| Given data |

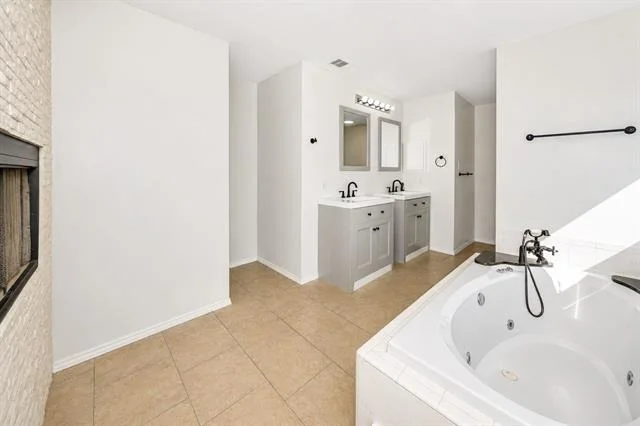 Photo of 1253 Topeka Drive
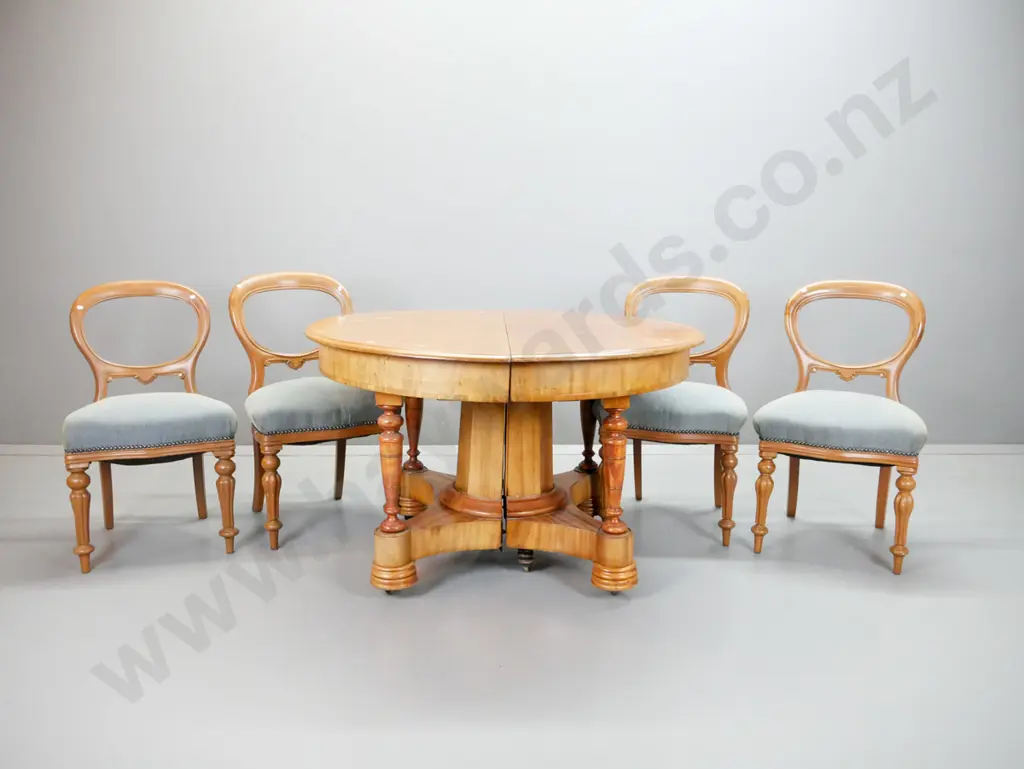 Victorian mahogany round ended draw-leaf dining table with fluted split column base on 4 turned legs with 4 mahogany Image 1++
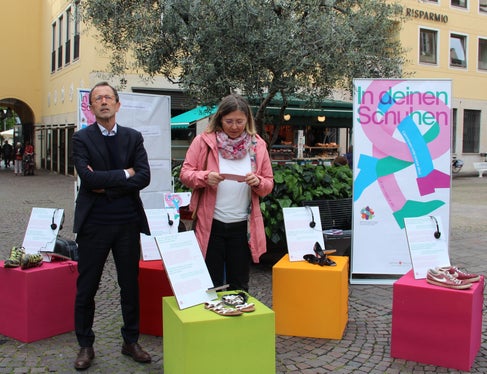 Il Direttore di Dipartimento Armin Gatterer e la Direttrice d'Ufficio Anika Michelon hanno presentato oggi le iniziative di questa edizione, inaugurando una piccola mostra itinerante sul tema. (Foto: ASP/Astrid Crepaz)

| Your assignment |
Without the pictures, copy the material exactly as given.

| Exercise answer |
 Photo of 1253 Topeka Drive
 Victorian mahogany round ended draw-leaf dining table with fluted split column base on 4 turned legs with 4 mahogany Image 1++
 Il Direttore di Dipartimento Armin Gatterer e la Direttrice d'Ufficio Anika Michelon hanno presentato oggi le iniziative di questa edizione, inaugurando una piccola mostra itinerante sul tema. (Foto: ASP/Astrid Crepaz)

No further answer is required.